CodeOpinion: Software Architecture & Design

Sponsor: Do you build complex software systems? See how NServiceBus makes it easier to design, build, and manage software systems that use message queues to achieve loose coupling. Get started for free.

  • Sidecar Pattern for Abstracting Common Concerns

    What is the sidecar pattern? Applications and services often have generic concerns such as health checks, configuration, metrics, as well as how they communicate with each other either directly or through messaging. Services usually implement these using libraries or SDKs to handle these concerns. How can you share these concerns across all these services so you’re not implementing them in every service? The sidecar pattern and ambassador pattern might be a good fit to solve this problem.

    YouTube

    Check out my YouTube channel where I post all kinds of content that accompanies my posts including this video showing everything in this post.

    https://www.youtube.com/watch?v=9zAjtcf9Wyo

    Shared Concerns

    Regardless of the platform, you’re going to leverage libraries/packages/SDKs to handle common concerns like health checks, configuration, metrics, and more. Each service will have these common concerns and need to use the libraries for their respective platform.

    For example, if you had two services, one written in .NET and the other written in Go. Each service would leverage libraries in its ecosystem to provide this common functionality.

    Shared concerns for different services

    Even with libraries, you still need to define how you’re handling and dealing with these common concerns. You may be using the same underlying infrastructure for both of them. As an example, each service might be publishing metrics to Cloudwatch.

    Wouldn’t be nice if there was a standardized way that each service would handle these shared concerns?

    Sidecar pattern

    The sidecar pattern allows you to extract the common concerns from your service and host them separately in a separate process, known as a sidecar.

    sidecar process runs locally to service

    In the containerized world, this is often thought of as a separate container from your service, however, it really is just a separate process that runs locally alongside your service.

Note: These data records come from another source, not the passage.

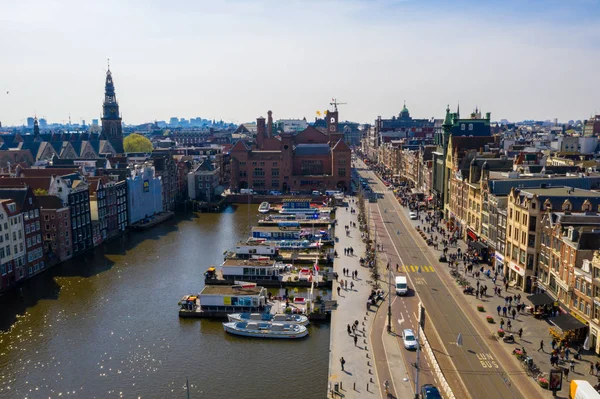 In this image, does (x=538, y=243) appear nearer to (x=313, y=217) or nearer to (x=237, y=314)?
(x=237, y=314)

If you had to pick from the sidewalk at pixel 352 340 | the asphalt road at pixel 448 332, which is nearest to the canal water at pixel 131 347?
the sidewalk at pixel 352 340

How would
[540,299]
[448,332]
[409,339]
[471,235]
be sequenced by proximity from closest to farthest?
1. [409,339]
2. [448,332]
3. [540,299]
4. [471,235]

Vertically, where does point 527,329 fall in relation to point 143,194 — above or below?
below

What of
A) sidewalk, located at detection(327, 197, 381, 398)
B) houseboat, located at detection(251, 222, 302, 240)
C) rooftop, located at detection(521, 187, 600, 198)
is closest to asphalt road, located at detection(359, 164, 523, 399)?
sidewalk, located at detection(327, 197, 381, 398)

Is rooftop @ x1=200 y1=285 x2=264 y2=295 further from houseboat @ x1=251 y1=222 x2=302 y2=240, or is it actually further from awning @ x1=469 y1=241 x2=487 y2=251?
awning @ x1=469 y1=241 x2=487 y2=251

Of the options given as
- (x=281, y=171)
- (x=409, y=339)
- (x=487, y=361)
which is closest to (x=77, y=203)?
(x=409, y=339)

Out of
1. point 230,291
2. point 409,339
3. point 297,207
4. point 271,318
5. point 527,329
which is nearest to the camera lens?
point 409,339

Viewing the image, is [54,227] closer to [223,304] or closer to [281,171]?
[223,304]

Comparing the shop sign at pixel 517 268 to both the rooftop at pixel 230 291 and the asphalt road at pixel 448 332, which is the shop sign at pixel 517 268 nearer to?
the asphalt road at pixel 448 332

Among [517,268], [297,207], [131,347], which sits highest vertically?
[297,207] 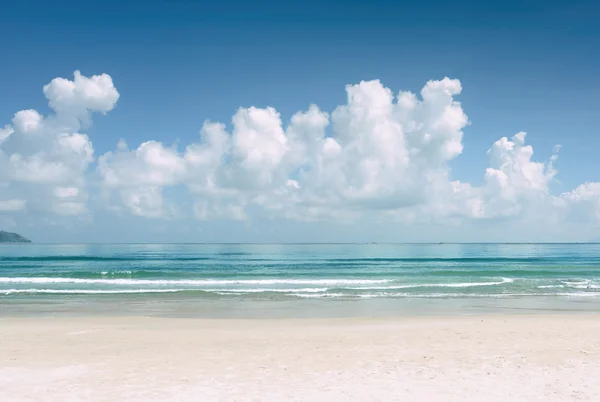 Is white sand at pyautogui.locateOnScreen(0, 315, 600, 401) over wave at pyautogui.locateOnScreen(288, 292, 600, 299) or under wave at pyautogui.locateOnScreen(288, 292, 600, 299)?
over

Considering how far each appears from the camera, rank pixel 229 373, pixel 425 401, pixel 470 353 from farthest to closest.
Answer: pixel 470 353 → pixel 229 373 → pixel 425 401

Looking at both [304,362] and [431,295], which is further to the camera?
[431,295]

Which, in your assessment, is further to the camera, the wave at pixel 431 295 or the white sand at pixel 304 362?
the wave at pixel 431 295

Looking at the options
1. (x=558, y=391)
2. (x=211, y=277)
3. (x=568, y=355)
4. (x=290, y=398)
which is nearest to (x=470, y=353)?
(x=568, y=355)

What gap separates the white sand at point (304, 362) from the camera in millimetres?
8070

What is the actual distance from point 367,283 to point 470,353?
913 inches

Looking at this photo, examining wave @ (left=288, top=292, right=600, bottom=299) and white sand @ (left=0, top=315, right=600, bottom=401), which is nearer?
white sand @ (left=0, top=315, right=600, bottom=401)

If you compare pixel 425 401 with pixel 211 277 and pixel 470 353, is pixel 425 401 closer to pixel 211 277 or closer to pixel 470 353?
pixel 470 353

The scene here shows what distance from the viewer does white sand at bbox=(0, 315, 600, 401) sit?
8.07 meters

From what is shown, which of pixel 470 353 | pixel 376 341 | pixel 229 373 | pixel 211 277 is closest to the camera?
pixel 229 373

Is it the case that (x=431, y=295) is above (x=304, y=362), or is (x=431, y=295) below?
below

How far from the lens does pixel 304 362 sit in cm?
1012

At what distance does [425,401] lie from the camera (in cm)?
753

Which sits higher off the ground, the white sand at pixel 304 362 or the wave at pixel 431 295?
the white sand at pixel 304 362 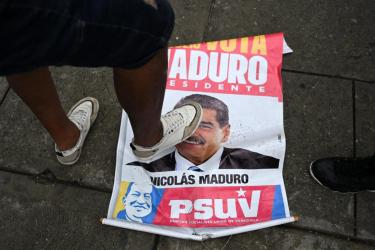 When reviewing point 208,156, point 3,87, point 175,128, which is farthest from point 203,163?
point 3,87

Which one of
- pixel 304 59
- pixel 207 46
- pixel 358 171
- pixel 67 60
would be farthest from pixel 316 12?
pixel 67 60

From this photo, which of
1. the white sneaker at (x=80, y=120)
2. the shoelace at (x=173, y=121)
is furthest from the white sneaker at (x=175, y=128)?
the white sneaker at (x=80, y=120)

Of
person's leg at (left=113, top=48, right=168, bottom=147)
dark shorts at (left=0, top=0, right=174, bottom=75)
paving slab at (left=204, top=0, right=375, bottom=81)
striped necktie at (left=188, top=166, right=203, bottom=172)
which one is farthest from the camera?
paving slab at (left=204, top=0, right=375, bottom=81)

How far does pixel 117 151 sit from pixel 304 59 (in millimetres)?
818

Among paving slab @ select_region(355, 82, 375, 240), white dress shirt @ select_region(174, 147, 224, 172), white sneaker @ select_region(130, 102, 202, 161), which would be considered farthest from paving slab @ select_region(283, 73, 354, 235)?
→ white sneaker @ select_region(130, 102, 202, 161)

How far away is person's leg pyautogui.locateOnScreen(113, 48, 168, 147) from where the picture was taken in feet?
2.63

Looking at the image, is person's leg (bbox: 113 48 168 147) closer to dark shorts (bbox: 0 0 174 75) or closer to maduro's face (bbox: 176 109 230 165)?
dark shorts (bbox: 0 0 174 75)

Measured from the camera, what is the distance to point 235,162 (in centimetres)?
123

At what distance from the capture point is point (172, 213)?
3.78 feet

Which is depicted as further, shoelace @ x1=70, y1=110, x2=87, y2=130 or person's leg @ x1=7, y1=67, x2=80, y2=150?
shoelace @ x1=70, y1=110, x2=87, y2=130

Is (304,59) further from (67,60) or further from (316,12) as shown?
(67,60)

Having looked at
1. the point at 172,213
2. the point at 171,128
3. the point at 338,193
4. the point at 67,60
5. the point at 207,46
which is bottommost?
the point at 172,213

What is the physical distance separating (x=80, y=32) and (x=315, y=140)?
3.10 ft

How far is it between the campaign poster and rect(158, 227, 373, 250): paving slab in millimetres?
33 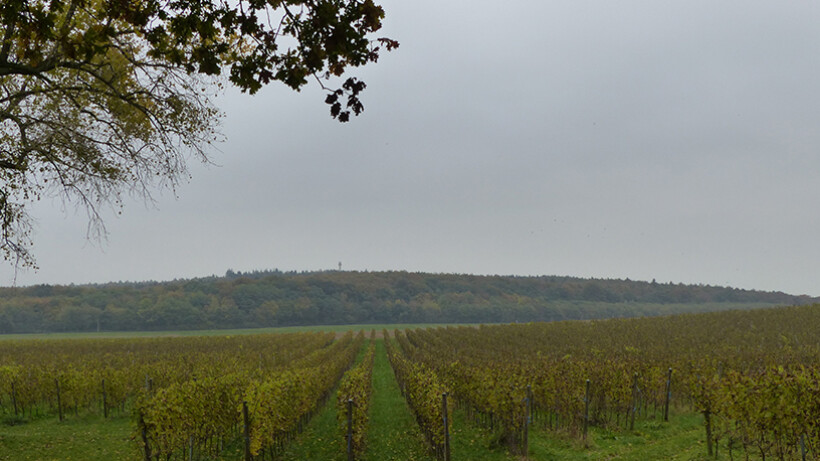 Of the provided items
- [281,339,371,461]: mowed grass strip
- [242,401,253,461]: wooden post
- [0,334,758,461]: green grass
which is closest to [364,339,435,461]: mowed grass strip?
[0,334,758,461]: green grass

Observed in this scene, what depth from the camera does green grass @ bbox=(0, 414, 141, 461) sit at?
12656mm

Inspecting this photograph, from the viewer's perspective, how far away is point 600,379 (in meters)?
15.1

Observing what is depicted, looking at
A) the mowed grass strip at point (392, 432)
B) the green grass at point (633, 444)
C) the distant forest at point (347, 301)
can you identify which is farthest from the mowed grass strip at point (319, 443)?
the distant forest at point (347, 301)

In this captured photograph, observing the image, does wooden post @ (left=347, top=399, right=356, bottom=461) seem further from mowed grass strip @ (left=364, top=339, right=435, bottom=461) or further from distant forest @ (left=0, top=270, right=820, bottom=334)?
distant forest @ (left=0, top=270, right=820, bottom=334)

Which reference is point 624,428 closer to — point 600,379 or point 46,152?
point 600,379

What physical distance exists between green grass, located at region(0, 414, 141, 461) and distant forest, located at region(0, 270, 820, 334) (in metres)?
101

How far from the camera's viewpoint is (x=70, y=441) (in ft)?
47.6

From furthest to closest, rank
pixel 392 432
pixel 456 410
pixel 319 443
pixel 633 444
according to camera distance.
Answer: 1. pixel 456 410
2. pixel 392 432
3. pixel 319 443
4. pixel 633 444

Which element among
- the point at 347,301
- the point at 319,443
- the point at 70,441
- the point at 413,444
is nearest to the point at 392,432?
the point at 413,444

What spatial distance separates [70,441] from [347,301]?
125039 mm

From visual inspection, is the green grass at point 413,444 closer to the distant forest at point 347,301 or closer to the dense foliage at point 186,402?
the dense foliage at point 186,402

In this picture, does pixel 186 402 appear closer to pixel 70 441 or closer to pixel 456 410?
pixel 70 441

    With a sidecar, your service can now interact with a separate process that will handle the common concerns. The sidecar can perform health checks on your service, your service can send metrics to the sidecar, etc.

    Ambassador Pattern

    Back to the example of sending metrics to Cloudwatch. With the sidecar, we can also apply the Ambassador Pattern. This all makes the sidecar a proxy to send data to Cloudwatch. This means our service is interacting with the sidecar, using a common API, and it’s in charge of sending the data to Cloudwatch. It’s not just metrics and Cloudwatch, this applies to any external service.

    sidecar as a proxy to external services

    The benefit is that the sidecar is handling any failures, retries, backoffs, etc. We don’t have to implement all kinds of retry logic in our service, rather that’s a common concern handled by the sidecar when communicating with external services.

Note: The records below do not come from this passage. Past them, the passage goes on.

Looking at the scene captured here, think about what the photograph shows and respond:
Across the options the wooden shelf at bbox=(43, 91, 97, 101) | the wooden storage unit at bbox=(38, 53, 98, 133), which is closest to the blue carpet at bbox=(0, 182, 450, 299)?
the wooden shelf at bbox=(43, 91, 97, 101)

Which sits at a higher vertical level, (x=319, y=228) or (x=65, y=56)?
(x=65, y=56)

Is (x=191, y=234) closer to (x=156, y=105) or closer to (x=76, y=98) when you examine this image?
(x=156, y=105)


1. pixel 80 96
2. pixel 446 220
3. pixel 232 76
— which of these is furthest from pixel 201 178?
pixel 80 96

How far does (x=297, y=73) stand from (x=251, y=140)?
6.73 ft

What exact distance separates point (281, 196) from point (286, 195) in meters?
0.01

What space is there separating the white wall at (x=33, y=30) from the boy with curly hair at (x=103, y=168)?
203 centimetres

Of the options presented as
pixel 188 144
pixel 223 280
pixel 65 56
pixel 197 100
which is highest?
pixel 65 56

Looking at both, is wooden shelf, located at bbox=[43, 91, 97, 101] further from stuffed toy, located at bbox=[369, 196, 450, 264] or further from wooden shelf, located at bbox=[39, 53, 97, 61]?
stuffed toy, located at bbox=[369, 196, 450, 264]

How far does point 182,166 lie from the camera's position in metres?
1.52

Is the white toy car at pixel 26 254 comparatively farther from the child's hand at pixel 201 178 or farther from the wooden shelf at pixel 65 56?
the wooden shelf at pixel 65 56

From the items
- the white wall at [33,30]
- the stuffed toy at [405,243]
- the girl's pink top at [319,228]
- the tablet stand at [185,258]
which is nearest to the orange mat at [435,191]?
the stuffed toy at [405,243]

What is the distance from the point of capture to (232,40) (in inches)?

    If we want to make an HTTP request to an external service, we proxy it through the sidecar.

    sidecar handling retry logic

    If there is a transient failure, the sidecar is responsible for doing the retry while still maintaining the connection to our service while it does so.

    Handling transient failures and retries

    Abstraction

    While each service has its own instance of a sidecar, you can be using the same sidecar for many different services. This allows each service to have the exact same interface to all of the shared concerns the sidecar provides.

    This means that you can also be using it for things like a message broker.

    sidecar as abstraction to message broker

    If you read any of my other blog posts or watch my videos on YouTube, you know I’m an advocate for loosely coupling between services using messages, and not using blocking synchronous request-response.

    A sidecar can provide a common abstraction over a message broker. This means that each service doesn’t have to interact with the broker directly, nor does it need to use the specific libraries or SDKs for that broker. The sidecar is providing a common API for sending and consuming messages and is abstracting the underlying message broker.

    different services to AMQP supported message broker

    This means you could have one service using .NET and another using Python, both exchanging messages to a broker supporting AMQP. Each service would be completely unaware of what that underlying transport and message broker is.

    Trade-offs

    So why would you want to use a sidecar and ambassador patterns? If you have services that are using different languages/platforms, and you want to standardize common concerns. Instead of each service implementing using their native packages/libraries/SDKs to their respective platform, the sidecar pattern allows you to define a common API that each service uses. This allows you to focus more on what your service actually provides rather than common infrastructure or concerns.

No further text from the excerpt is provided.